Chris Michael, un periodista de The Guardian, relataba en cierta ocasión una conversación que mantuvo con Tomasz Kacprzak, presidente del consejo municipal de Lodz, la tercera ciudad más poblada de Polonia. En ella, el regidor le contaba con orgullo cómo se había reunido con el propio Gehry no para pedirle que creara para la urbe un equipamiento similar, una variación sobre el mismo tema arquitectónico, sino para que les replicara exactamente el mismo edificio bilbaíno, ¡panel de titanio por panel de titanio! La única diferencia, aclaraba Kacprzak, quién sabe si para tranquilizar la conciencia del arquitecto, sería su uso: los polacos no buscaban un museo, sino una sala de conciertos. En tal caso y puestos a clonar: ¿por qué no hacerlo con otra de las obras emblemáticas del proyectista estadounidense, el auditorio Walt Disney de Los Ángeles?

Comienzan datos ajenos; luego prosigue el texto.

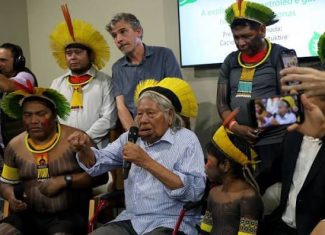 Aos 93 anos, Raoni ergue a voz contra a exploração de petróleo na Amazônia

“En Europa y Norteamérica todas las ciudades quieren tener un espacio así. Se ha convertido en un cliché del desarrollo urbano y el crecimiento hasta un extremo perverso”, me reconoce Thomas Heatherwick en una entrevista que publicamos en este tercer número de ICON DESIGN (página 116). El diseñador británico es el responsable del espectacular Zeitz MOCAA, el primer museo de arte contemporáneo africano del mundo, que abrió sus puertas el pasado septiembre en Ciudad del Cabo y que, pese a seguir indisimuladamente el modelo bilbaíno, pretende también impulsar a los jóvenes creadores del continente y poner freno a la diáspora de artistas que África ha sufrido en las últimas décadas. Es decir, recuperar la función original del Guggenheim de Bilbao: regenerar el tejido de la ciudad y alimentar la cultura, no colocar una tienda de lujo en medio de un barrio a medio hacer, como muchos lo han entendido. ¿Por ejemplo? Los promotores de la sucursal del Louvre Abu Dhabi, que se yergue en medio del desierto en, precisamente, un barrio a medio hacer en el emirato. Se llama Isla de la Felicidad (Al Saadiyat) y aguarda la (hoy improbable) finalización de otros proyectos de postín: un museo nacional (proyectado por Norman Foster), un centro para las artes escénicas (Zaha Hadid) y sucursales de la Universidad de Nueva York y, ejem, el Guggenheim (Gehry).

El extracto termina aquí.